Dois anos depois de sua morte, o maior sonho de Chico Mendes, pelo qual tanto lutou, se concretizou. Em 1990, foram criadas as primeiras reservas extrativistas, sendo uma das primeiras a Reserva Extrativista Chico Mendes, com 970 mil hectares. As reservas florestais foram usadas para a colheita não-predatória de matérias-primas como o látex e a castanha do pará.

Em 2004, Chico Mendes teve seu nome incluso no Livro dos Heróis da Pátria. Já em 2013, 25 anos após a sua morte, ele foi declarado Patrono Nacional do Meio Ambiente. Boa parte das políticas sustentáveis adotadas nas últimas décadas na Amazônia –incluindo a criação de reservas extrativistas, concessão de florestas nacionais para extração de madeira com selo de certificação e o modelo socioeconômico sustentável de exploração da floresta para as comunidades ribeirinhas – foram defendidas por Chico Mendes.

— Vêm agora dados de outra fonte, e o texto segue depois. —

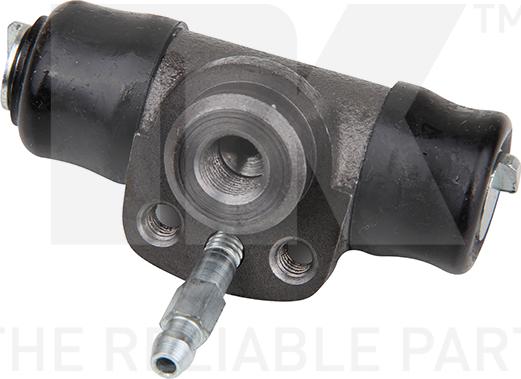 NK 804706 - Wheel Brake Cylinder www.autospares.lv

Em sua homenagem, o governo federal criou, em 2007, o Instituto Chico Mendes de Conservação da Biodiversidade (ICMBio), órgão vinculado ao Ministério do Meio Ambiente  responsável pela administração das Unidades de Conservação (UCs) federais, realizando a fiscalização e monitoramento dessas unidades. O instituto também executa programas voltados para pesquisa, proteção e preservação da biodiversidade.